Every effort to promote bicycling hinges on a clear understanding of how bicycling works in the context of the overall transportation ecosystem. The guiding principle for bicycling is commonly referred to as vehicular cycling. A more modern term is bicycle driving. It is the basis for safe coexistence with traffic and conforming to the rules of the road. If you’ve ever operated your bicycle on an ordinary residential street, going with traffic, then you’re already doing it. Bicycle driving is what is taught in the Safe Routes To Schools curriculum, and every other bicycling education program. Complete Streets is the design aspect for bringing bicycling into the mainstream by designing streets for bikes. The educational component is bicycle driving, and it instills confidence for people to be fully empowered to use bicycles to travel anywhere.
The Bike League’s curriculum and all bicycling education programs are designed “to create a mindset that bikes are treated as a vehicle” (from becoming an instructor). This mindset instills a sense of proportional responsibility and is the basis of appropriate relationships for bicyclists to all kinds of traffic and traffic control devices. This mindset shared by all sets the tone for great streets and trails. On the multiuse trail this principle guides bicycles to yield to pedestrians and equestrians, gauging travel speeds accordingly. On the road the bicycle driving principle means the most predicable, safe, and visible way to move is with the vehicular traffic flow. Even when there is physical separation between motorized traffic and bicycle traffic, such as with a protected bike lane, the motions of the two traffic streams must always be coordinated and mutually aware. This is especially true at intersections, driveways, and parking zones when traffic mixes and the cooperative environment depends on predictable movements, communication, awareness, negotiation, and common rules to which all traffic adheres.
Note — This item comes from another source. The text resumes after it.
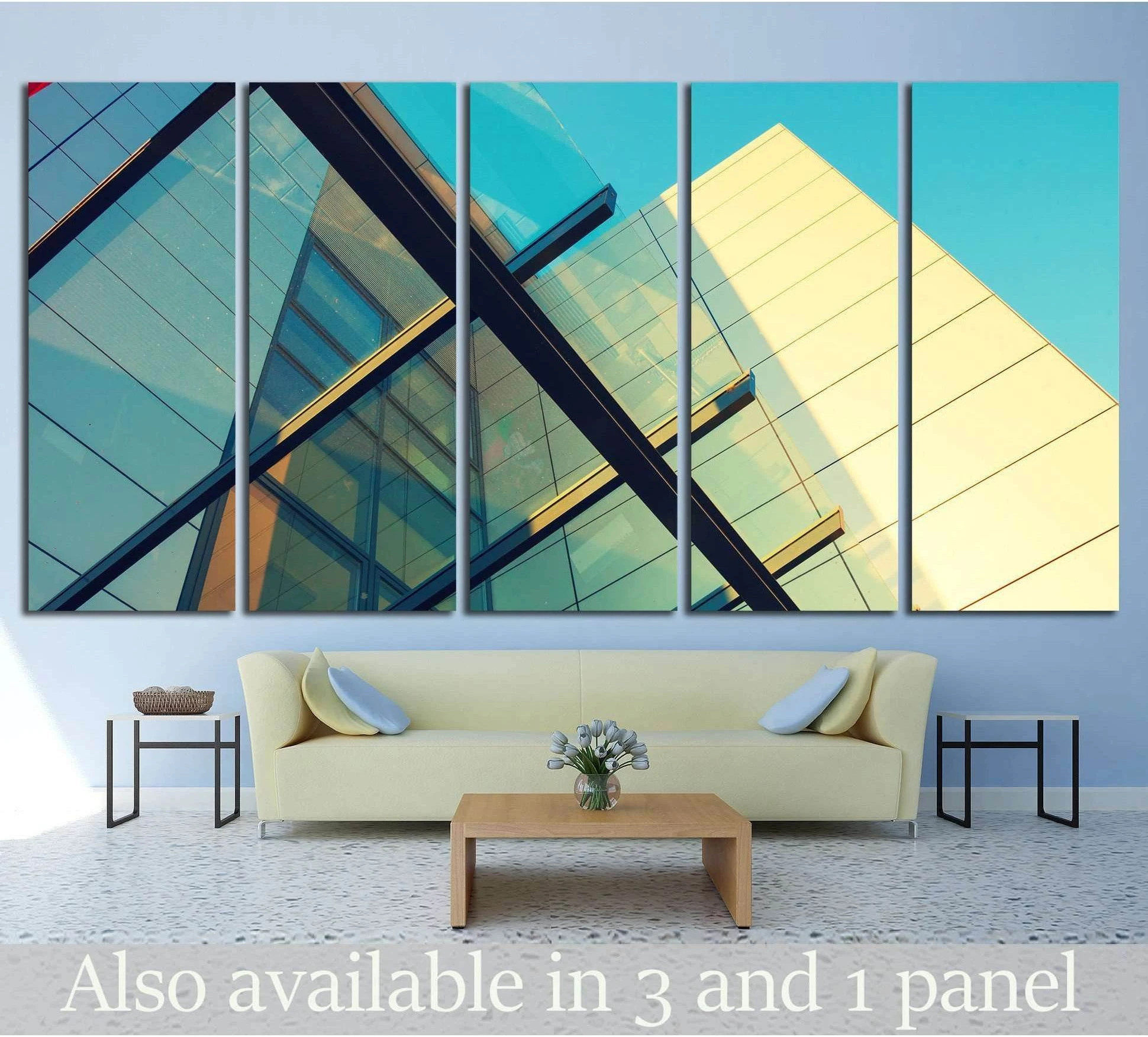 Abstract architecture multi-panel canvas print with teal glass facade above sofa in modern living room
Complete Streets policies support design environments that welcome bicycle traffic and lower traffic stress so that people have a better chance to positively orient to the road with whichever mode they choose. A Complete Street is as an inclusive place and built on the underlying structure of relationships between varying types of traffic. Traffic skills education is a complimentary factor that facilitates pleasant travel by fostering order and raising awareness. Design and education work in tandem to promote good bicycling.
Most people have some reservations about bicycling because they are not clear how bikes fit in. Forward looking solutions include education for drivers to respect all kinds of traffic, and treating bicycles as an equal vehicle, welcoming diversity. Most bicycle traffic occurs on roads without a designated bicycle facility such as a bicycle lane. A regular travel lane needs to be at least 14 feet wide for it to be safely shared side by side by a car and a bicycle. Seeing bicycle traffic using a general travel lane may look different than what we are used to. I trust we are acclimating to bicycles as a normal component of traffic and civic life in the mainstream, just like we are welcoming diverse religions, cultures, and lifestyles. Change takes a new attitude, an open mind, and in the case of roads, traffic calming and the conception of an inclusive space.
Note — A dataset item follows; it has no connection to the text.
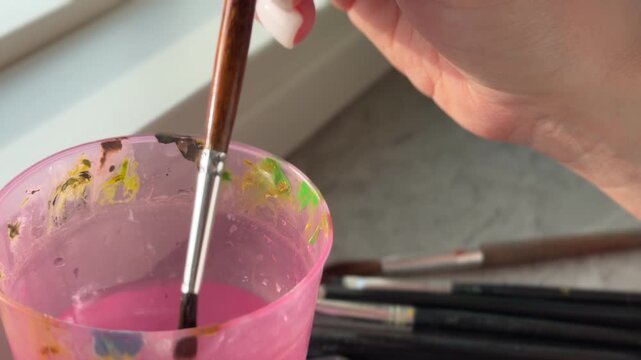 A hand holding a paintbrush above a pink cup with water.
Bicycles are good for the transportation ecosystem. As we design and educate better for bicycles, include bicycle traffic in our engineering metrics and traffic flow analysis, and we learn more about what bicycling can do for us and we do it more, things are going to get a lot easier, safer and more attractive. The quicker we can make these changes, the sooner we can move ahead. In the Southwest, Utah and Colorado are already in the bike friendly top ten.
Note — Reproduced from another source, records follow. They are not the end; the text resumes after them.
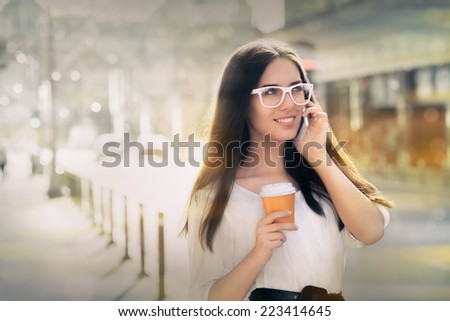 Young Woman with Coffee Cup on the Phone Out in the City - Woman smiling and talking on her phone holding a cup of coffee out in the city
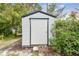 White shed with black trim and single door in a lush, landscaped backyard at 7219 4Th N Ave, St Petersburg, FL 33710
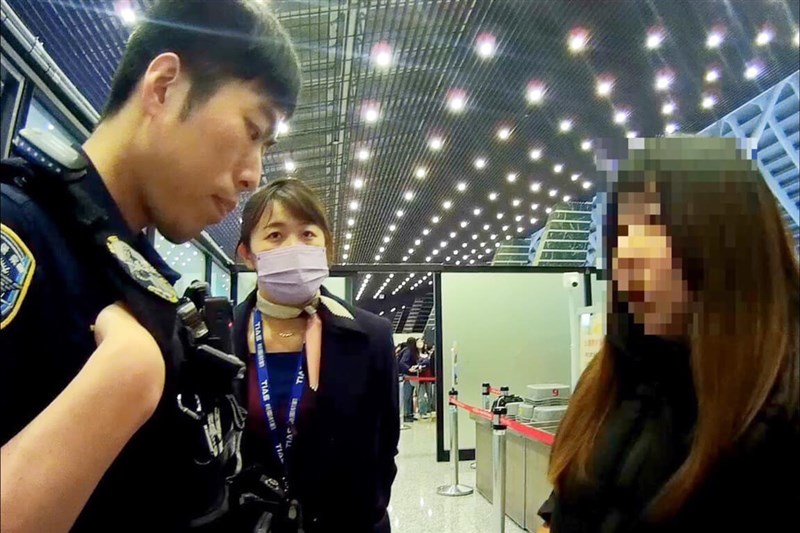 Aviation police stop a woman from falling into suspected honey trap at Taiwan Taoyuan International Airport Wednesday. Photo courtesy of the Aviation Police Bureau March 12, 2025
For understanding bicycling, I’ve benefited from the generosity of the creator of azbikelaw.org. For the last two years, Ed has suggested reading related to bicycle law, roadway design, engineering, and traffic behavior. He has a “do it yourself” entrepreneurial attitude and continues his education, applying critical thinking and analytical skills to practical experience to spur progress. Ed responds cordially to questions, and links people to resources. Always there to foster more informed dialogue. Some of the lessons were tough, like the lessons from a cyclist who was killed by a hit from behind on a charity ride in Cornville. Ed’s analysis and documentation is brave and courageous, like the novelist Cormac McCarthy’s willingness to tell the story of violence in Western culture and its continuum past to present. AZ Bike Law is my August 2015 Bike Org of the Month. Thanks for your diligence and enthusiasm Ed.
Please be kind to persons bicycling, walking, rolling, driving autos and commercial vehicles. Drive with care and caution. Forgiveness and understanding. We are all learning. Gracias!